* _Activity_
What should come back is the data below, word for word, minus any picture.

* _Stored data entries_
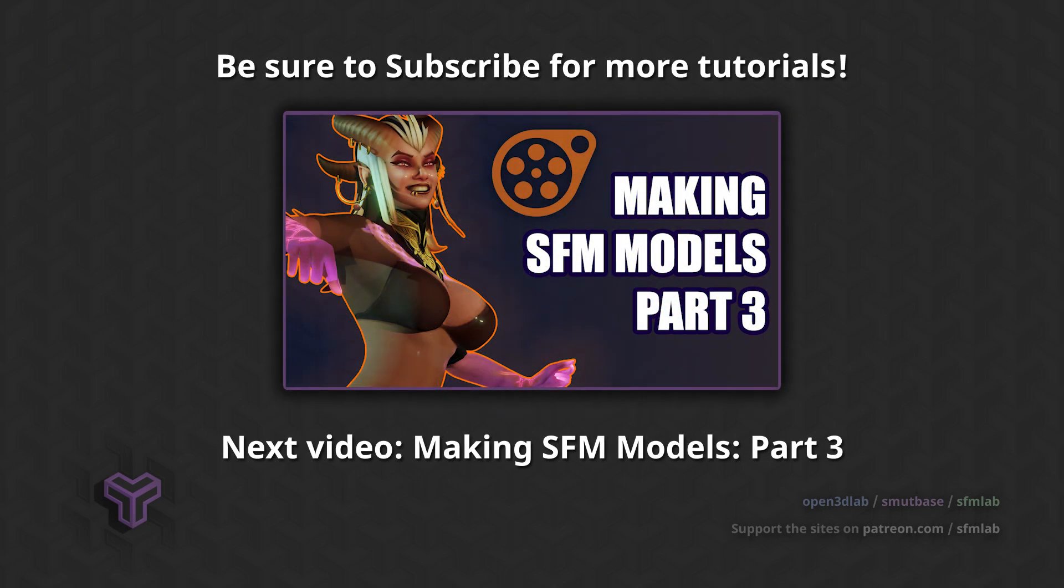And that's all for now. This is the part where you subscribe to the channel and pledge to our Patreon. More videos about Blender and Source Filmmaker are coming soon.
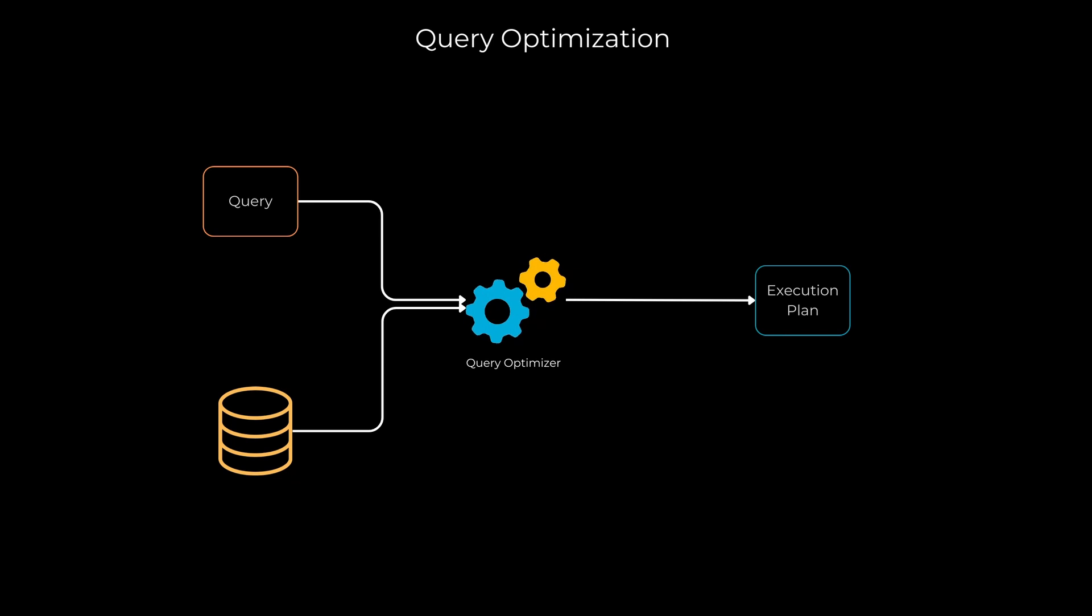This occurs when accessing data and related entities inefficiently. For example, fetching blog posts and their comments can lead to numerous queries. Instead, fetch the data in a single query or two, reducing the number of round trips to the database and improving performance.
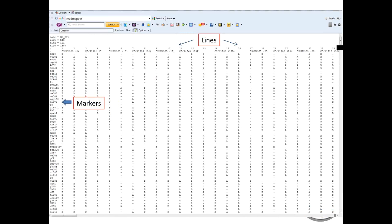The input file for MADMapper looks a lot like a LOC file for most other programs, where you have the lines across the top in the columns, the markers in the rows, and a header basically telling the program what the data is all about. You can name the file, the type of population, the number of individuals, and the number of markers. These files are quite common for most mapping programs, and the genetic data goes in as A's and B's, with dashes for missing data points.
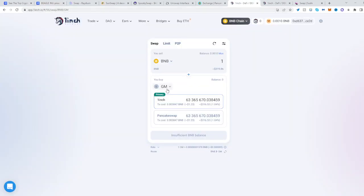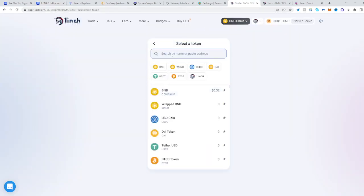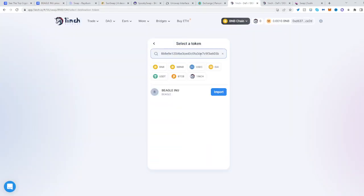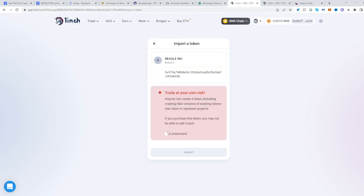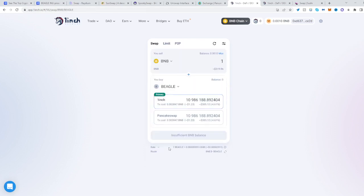Once you're here, select the second panel, paste the address right over here, select Beagle Inuit Token, click understand, import, and that's it. Now you can trade from BNB into Beagle.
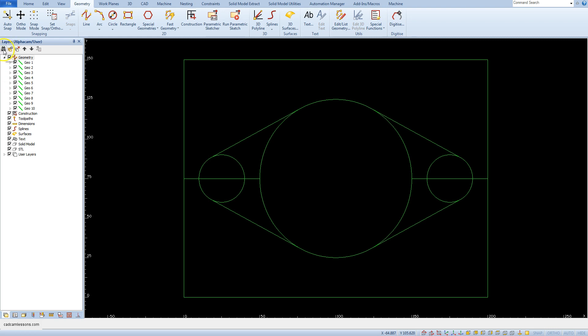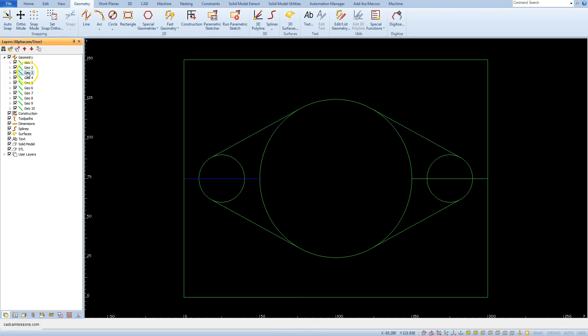Click this icon and here we have pick entity command. Then pick this line and here the geometry in the geometry list will be highlighted.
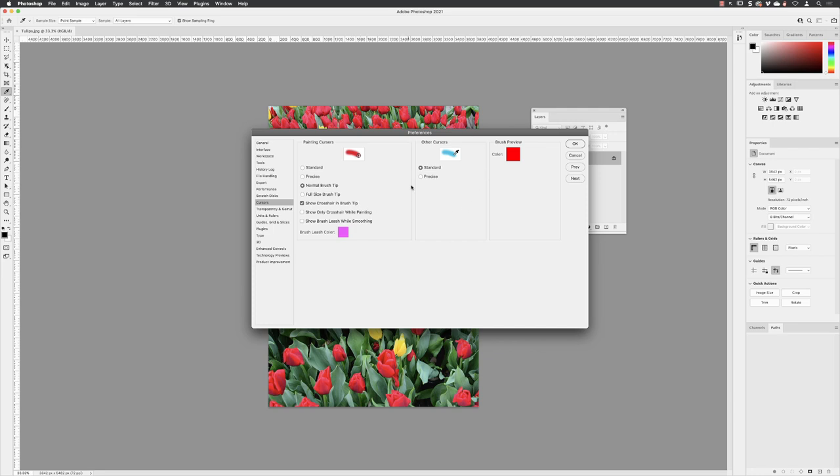And then under other cursors, which includes our selection tools, make sure that is set to precise. It is going to be far more useful to you in the future. And then I'll click OK.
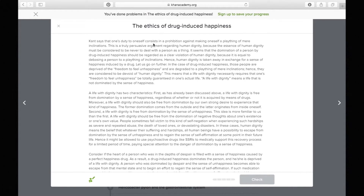After breaking down the sentences of a paragraph, I pause and think: what was the most common theme? Since many sentences pointed to the same thing, my main idea phrase for paragraph one would be: drug-induced happiness violates human dignity because it doesn't give someone the freedom to change their emotion — it turns a person into a thing.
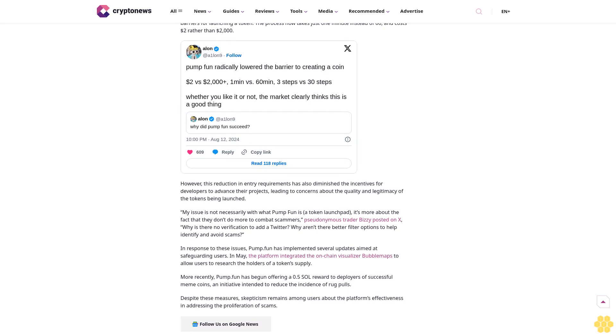In response to these issues, pump.fun has implemented several updates aimed at safeguarding users. In May, the platform integrated the on-chain visualizer Bubblemaps to allow users to research the holders of a token supply. More recently, pump.fun has begun offering a 0.5 SOL reward to deployers of successful meme coins, an initiative intended to reduce the incidence of rug pulls. Despite these measures, skepticism remains among users about the platform's effectiveness in addressing the proliferation of scams.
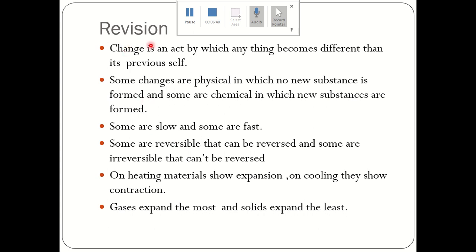Now let's revise the lesson. We have learnt that a change is an act by which anything becomes different from its previous self. Some changes are physical, in which no new substances are formed. For example, melting of ice — when ice melts, water is formed, but both ice and water are water; the change is only in form.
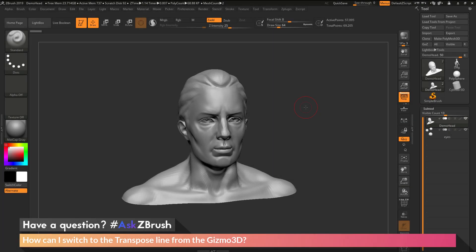This is Joseph Drust and welcome back to another episode of Ask ZBrush. We had a question sent in asking, how can I switch to the transpose line from the Gizmo 3D?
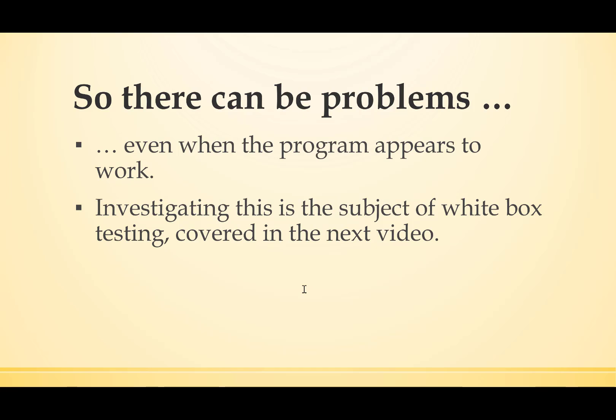Investigating this is the subject of white box testing, which is covered in the next video.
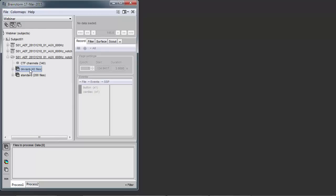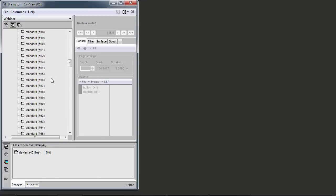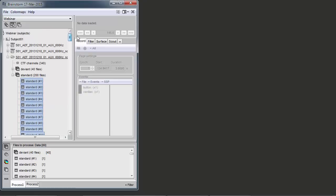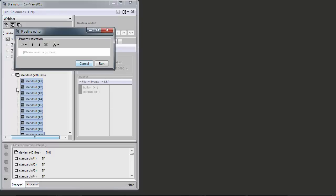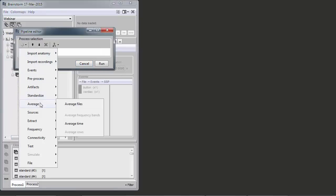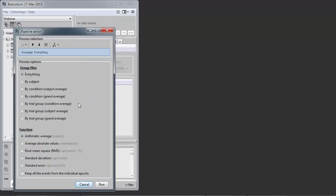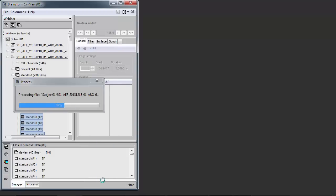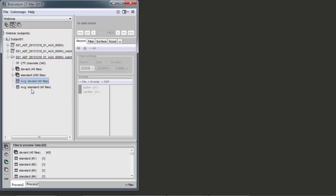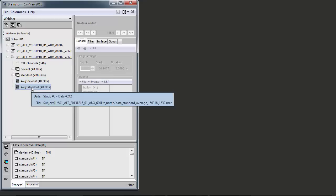There's not much we can do with just one trial, so we're going to average multiple trials from the same category together. I select 40 responses to deviant tones and 40 responses to standard tones so we have the same number of events — all well documented in the process tab. I select from the library the average function and average files by condition. It generates two new files signaled as average.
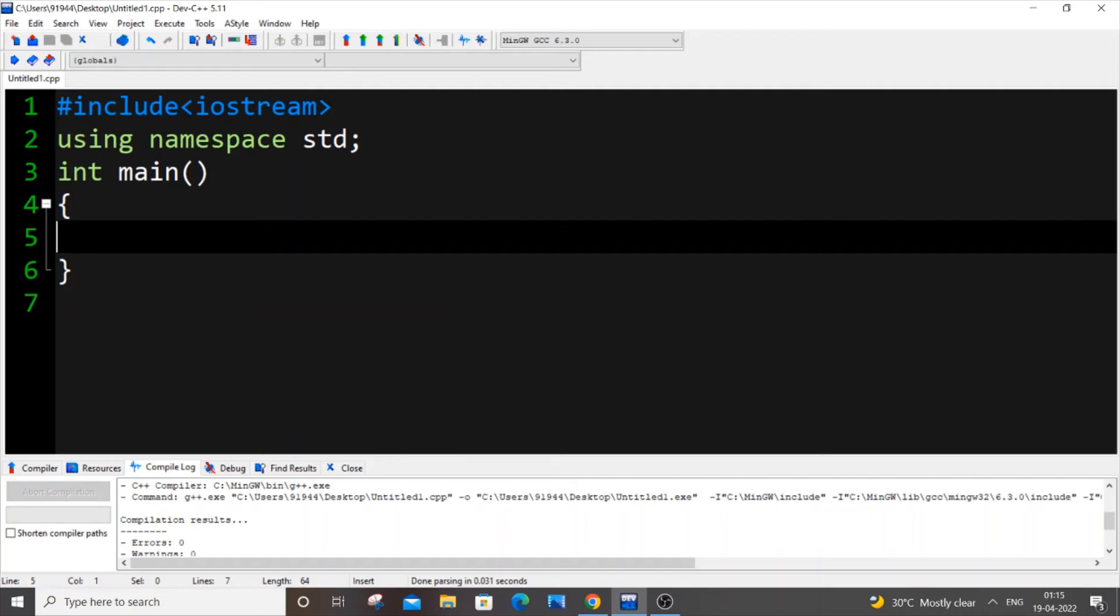Hey hello everyone, in this video I will be showing you how to display current date and time in C++. I'll be showing you two ways how you can do this, so let's get started.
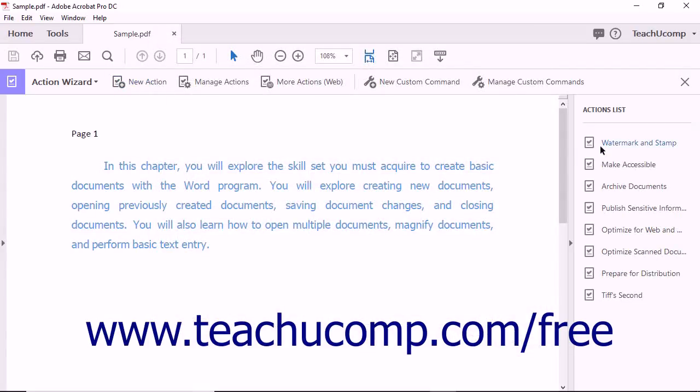Notice that the newly created action is now listed in the Action Wizard pane along with the other available actions.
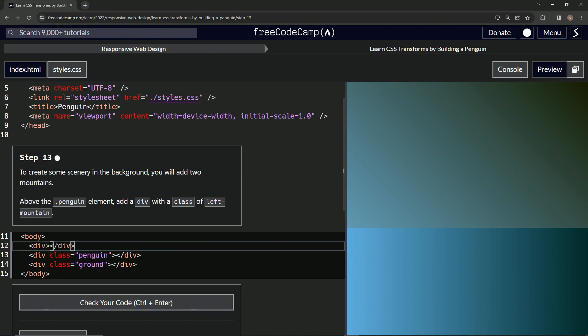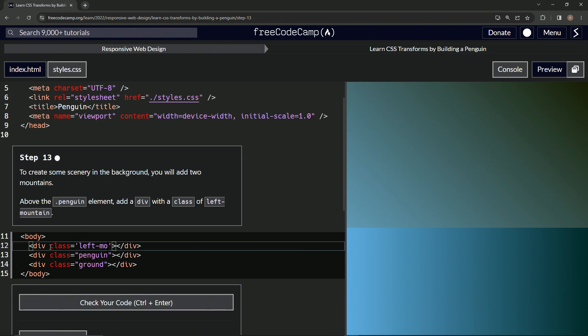And then inside of the first, the opening tag, we're going to say class equals left-mountain.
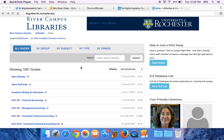Hi, this is Eileen Daly-Boas, the Religion and Theology Librarian. I'm going to show you how to get to the Religion and Theology LibGuide. It's a help page for you.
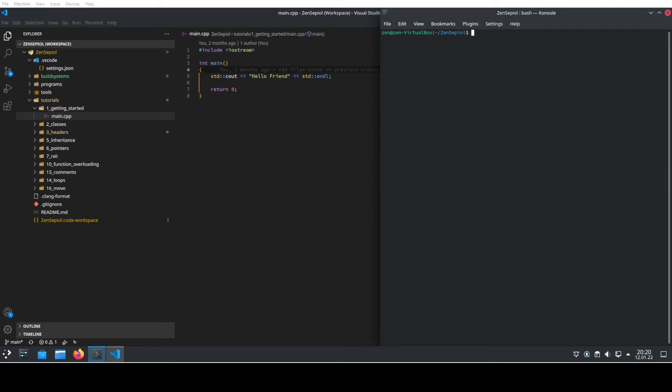Visual Studio Code is a very powerful IDE. Today I will show you how to compile and run your code directly from the IDE.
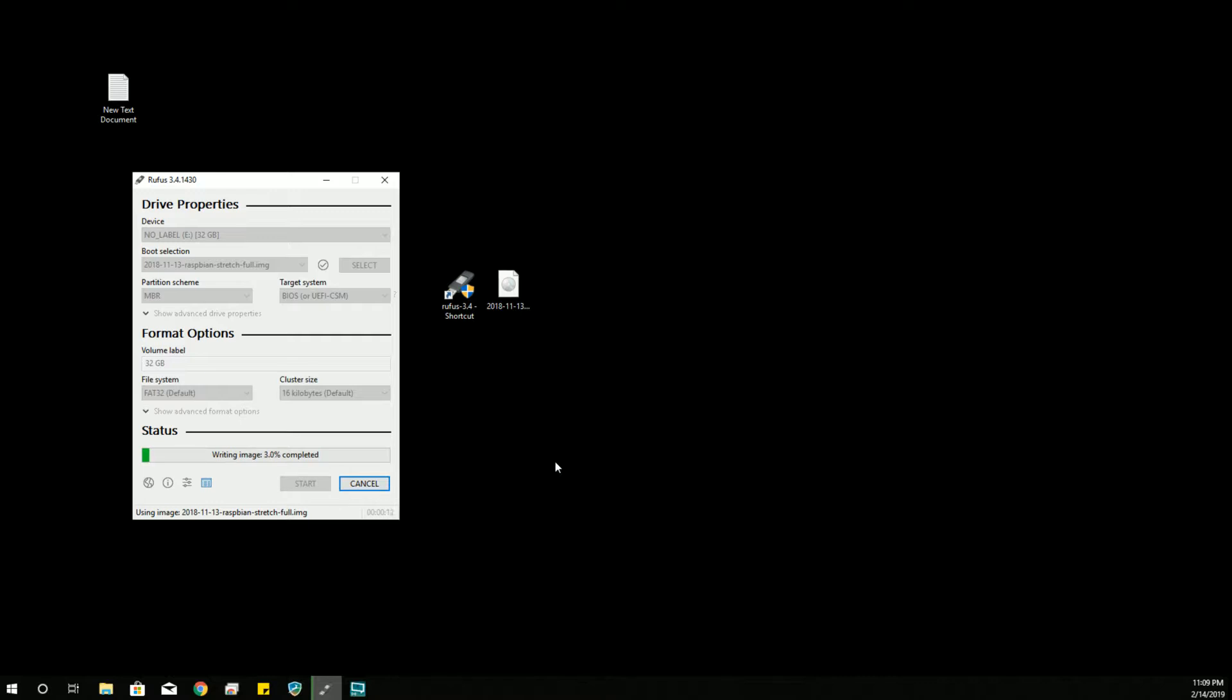So that is definitely a benefit. There are options in Rufus that you can use. But most of the options that you can use are in the dropdowns where the Advanced Drive Properties and the Advanced Format options are down here. And you would use these in other cases or particular specific Linux installations. You can use those and other types of images.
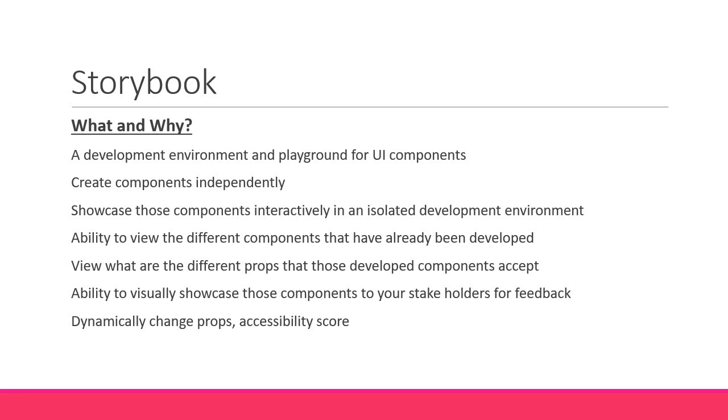As you might have already guessed, Storybook will help you with all these. If you start working at a company, you're more likely to come across a tool like Storybook. If your team currently doesn't use it, now is a great time to learn and start using it in your projects.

* _The completed task_
And that's all for now. This is the part where you subscribe to the channel and pledge to our Patreon. More videos about Blender and Source Filmmaker are coming soon.
This occurs when accessing data and related entities inefficiently. For example, fetching blog posts and their comments can lead to numerous queries. Instead, fetch the data in a single query or two, reducing the number of round trips to the database and improving performance.
The input file for MADMapper looks a lot like a LOC file for most other programs, where you have the lines across the top in the columns, the markers in the rows, and a header basically telling the program what the data is all about. You can name the file, the type of population, the number of individuals, and the number of markers. These files are quite common for most mapping programs, and the genetic data goes in as A's and B's, with dashes for missing data points.
Once you're here, select the second panel, paste the address right over here, select Beagle Inuit Token, click understand, import, and that's it. Now you can trade from BNB into Beagle.
Click this icon and here we have pick entity command. Then pick this line and here the geometry in the geometry list will be highlighted.
And then under other cursors, which includes our selection tools, make sure that is set to precise. It is going to be far more useful to you in the future. And then I'll click OK.
After breaking down the sentences of a paragraph, I pause and think: what was the most common theme? Since many sentences pointed to the same thing, my main idea phrase for paragraph one would be: drug-induced happiness violates human dignity because it doesn't give someone the freedom to change their emotion — it turns a person into a thing.
In response to these issues, pump.fun has implemented several updates aimed at safeguarding users. In May, the platform integrated the on-chain visualizer Bubblemaps to allow users to research the holders of a token supply. More recently, pump.fun has begun offering a 0.5 SOL reward to deployers of successful meme coins, an initiative intended to reduce the incidence of rug pulls. Despite these measures, skepticism remains among users about the platform's effectiveness in addressing the proliferation of scams.
Now let's revise the lesson. We have learnt that a change is an act by which anything becomes different from its previous self. Some changes are physical, in which no new substances are formed. For example, melting of ice — when ice melts, water is formed, but both ice and water are water; the change is only in form.
This is Joseph Drust and welcome back to another episode of Ask ZBrush. We had a question sent in asking, how can I switch to the transpose line from the Gizmo 3D?
Investigating this is the subject of white box testing, which is covered in the next video.
There's not much we can do with just one trial, so we're going to average multiple trials from the same category together. I select 40 responses to deviant tones and 40 responses to standard tones so we have the same number of events — all well documented in the process tab. I select from the library the average function and average files by condition. It generates two new files signaled as average.
Hey hello everyone, in this video I will be showing you how to display current date and time in C++. I'll be showing you two ways how you can do this, so let's get started.
Notice that the newly created action is now listed in the Action Wizard pane along with the other available actions.
And then inside of the first, the opening tag, we're going to say class equals left-mountain.
Hi, this is Eileen Daly-Boas, the Religion and Theology Librarian. I'm going to show you how to get to the Religion and Theology LibGuide. It's a help page for you.
Visual Studio Code is a very powerful IDE. Today I will show you how to compile and run your code directly from the IDE.
So that is definitely a benefit. There are options in Rufus that you can use. But most of the options that you can use are in the dropdowns where the Advanced Drive Properties and the Advanced Format options are down here. And you would use these in other cases or particular specific Linux installations. You can use those and other types of images.
As you might have already guessed, Storybook will help you with all these. If you start working at a company, you're more likely to come across a tool like Storybook. If your team currently doesn't use it, now is a great time to learn and start using it in your projects.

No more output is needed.